* [ASSIGNED TASK]
The goal is an unaltered copy of the records below, minus any images.

----

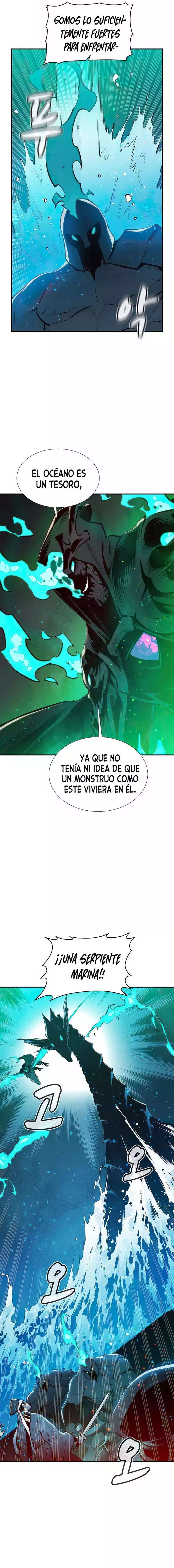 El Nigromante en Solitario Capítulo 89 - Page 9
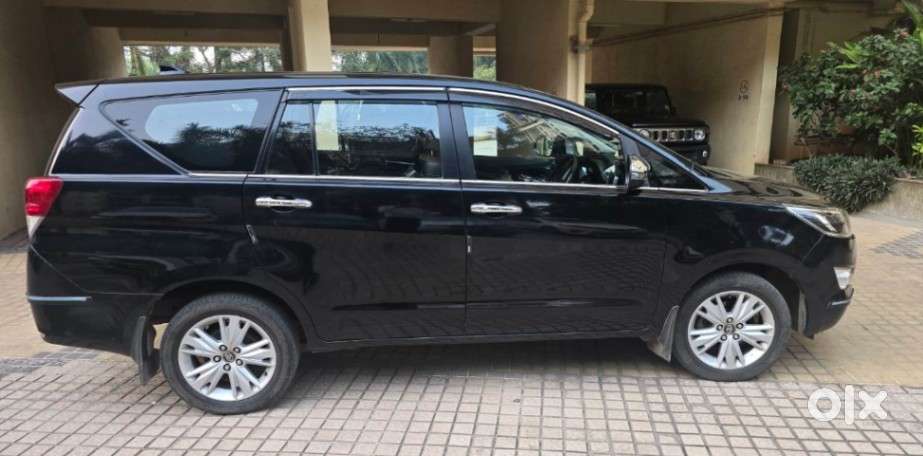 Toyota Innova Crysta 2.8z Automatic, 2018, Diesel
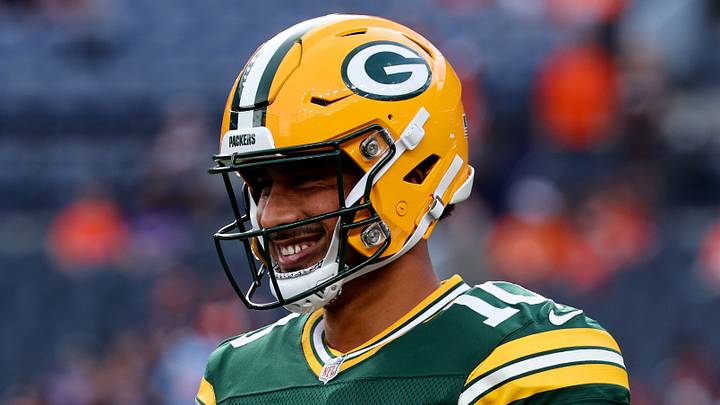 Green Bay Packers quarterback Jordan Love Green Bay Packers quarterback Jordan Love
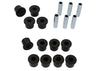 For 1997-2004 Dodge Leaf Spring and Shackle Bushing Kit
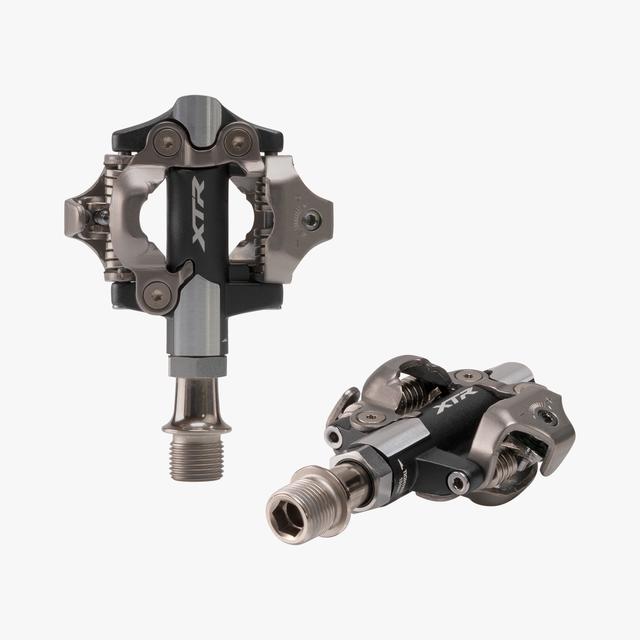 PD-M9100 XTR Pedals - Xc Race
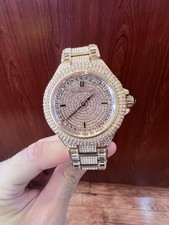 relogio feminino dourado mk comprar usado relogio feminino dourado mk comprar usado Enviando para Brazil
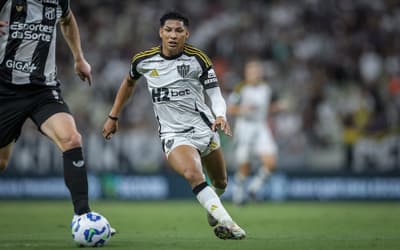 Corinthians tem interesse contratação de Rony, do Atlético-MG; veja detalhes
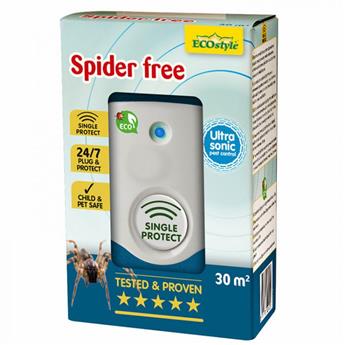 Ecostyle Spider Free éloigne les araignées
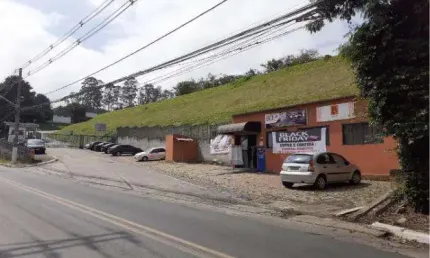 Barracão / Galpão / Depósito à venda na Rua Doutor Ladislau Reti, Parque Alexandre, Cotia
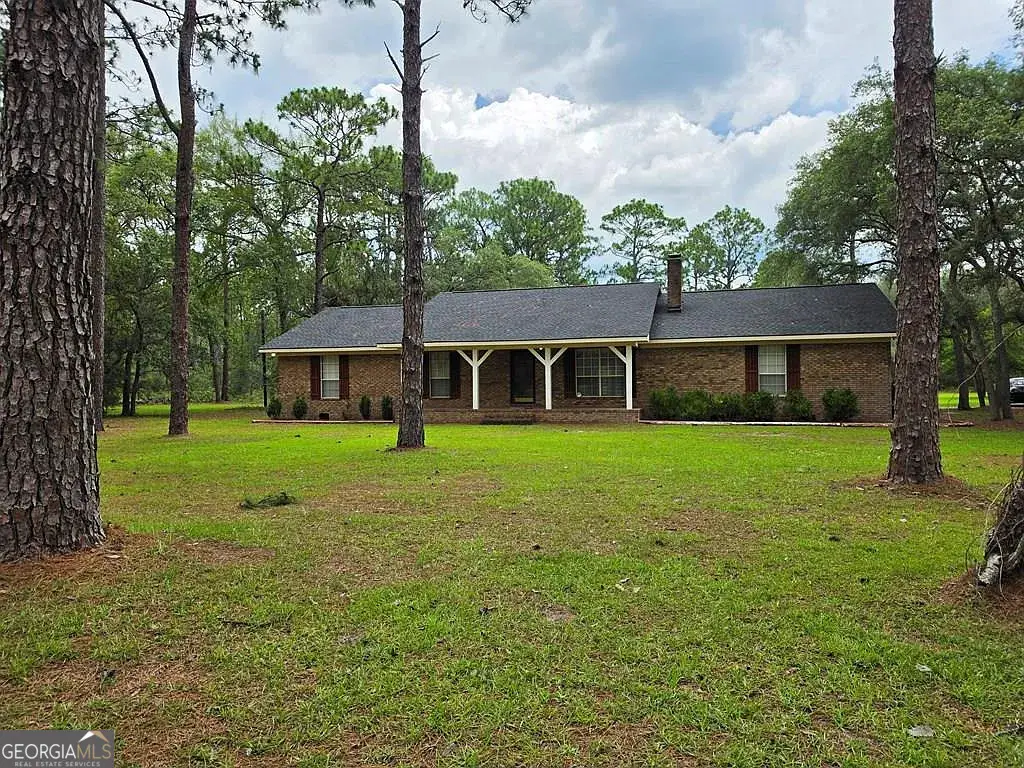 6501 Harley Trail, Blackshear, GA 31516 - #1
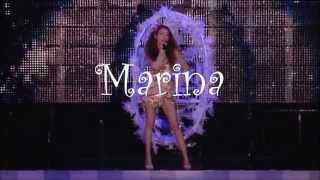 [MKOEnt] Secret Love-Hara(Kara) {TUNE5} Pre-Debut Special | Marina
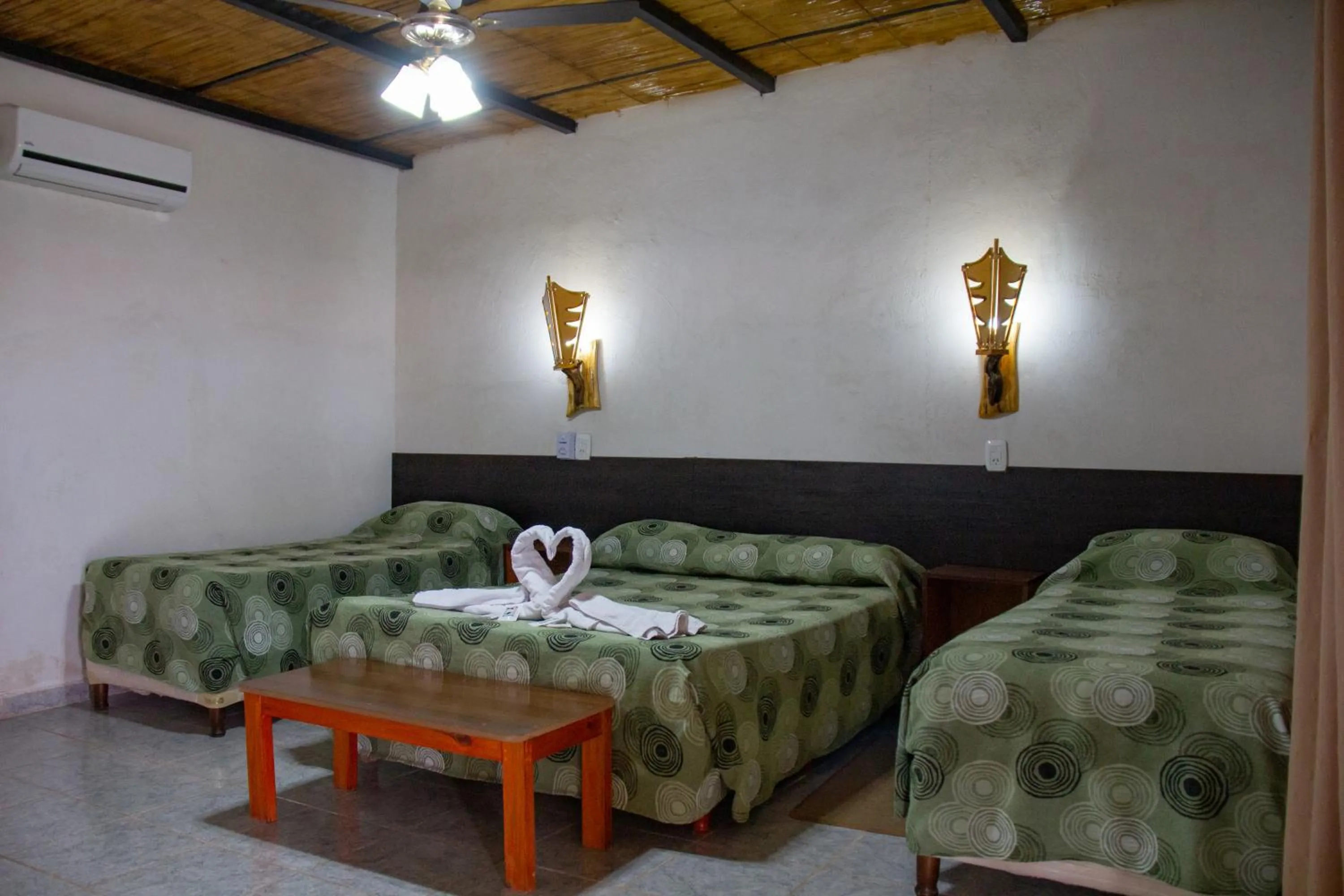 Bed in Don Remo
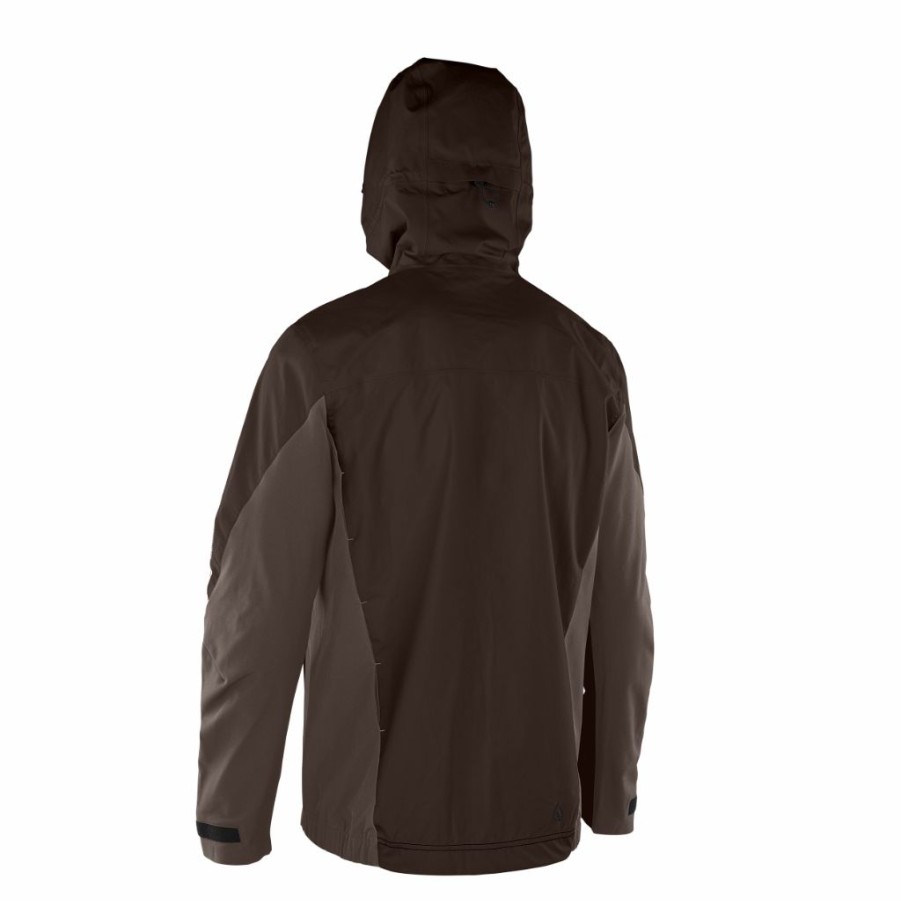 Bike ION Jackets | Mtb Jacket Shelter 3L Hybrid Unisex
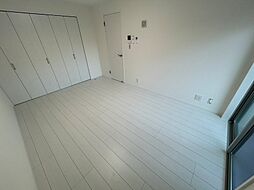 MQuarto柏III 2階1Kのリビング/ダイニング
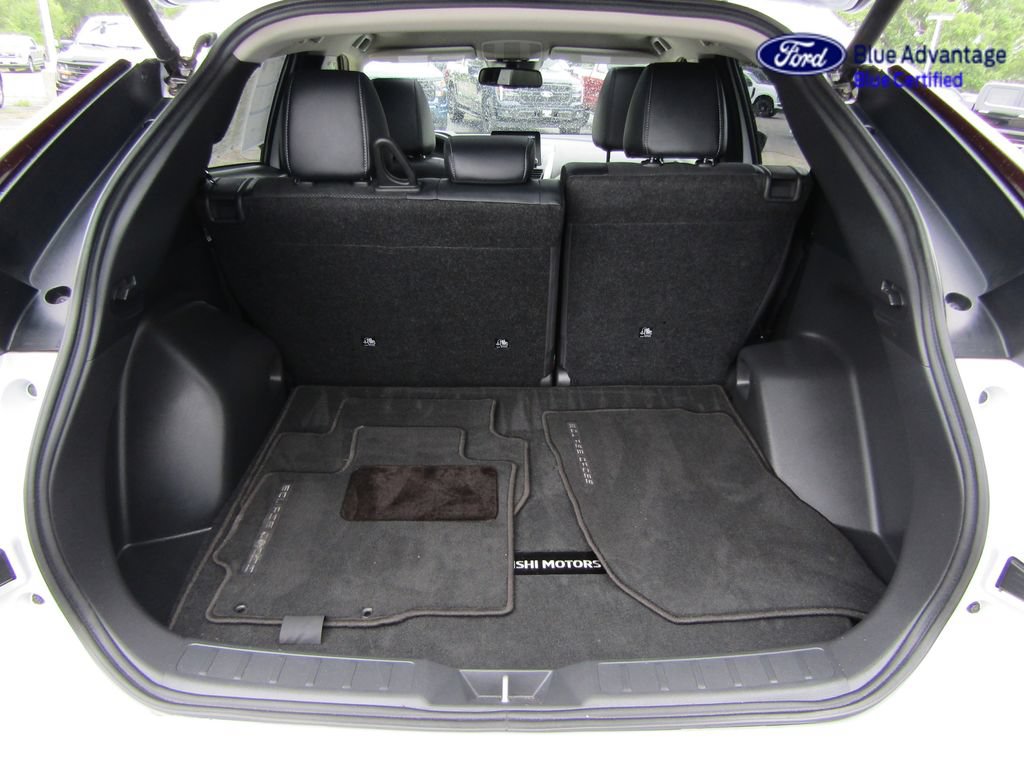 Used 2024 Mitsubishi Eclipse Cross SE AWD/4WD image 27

----

* [WRITTEN REPLY]
 El Nigromante en Solitario Capítulo 89 - Page 9
 Toyota Innova Crysta 2.8z Automatic, 2018, Diesel
 Green Bay Packers quarterback Jordan Love Green Bay Packers quarterback Jordan Love
 For 1997-2004 Dodge Leaf Spring and Shackle Bushing Kit
 PD-M9100 XTR Pedals - Xc Race
 relogio feminino dourado mk comprar usado relogio feminino dourado mk comprar usado Enviando para Brazil
 Corinthians tem interesse contratação de Rony, do Atlético-MG; veja detalhes
 Ecostyle Spider Free éloigne les araignées
 Barracão / Galpão / Depósito à venda na Rua Doutor Ladislau Reti, Parque Alexandre, Cotia
 6501 Harley Trail, Blackshear, GA 31516 - #1
 [MKOEnt] Secret Love-Hara(Kara) {TUNE5} Pre-Debut Special | Marina
 Bed in Don Remo
 Bike ION Jackets | Mtb Jacket Shelter 3L Hybrid Unisex
 MQuarto柏III 2階1Kのリビング/ダイニング
 Used 2024 Mitsubishi Eclipse Cross SE AWD/4WD image 27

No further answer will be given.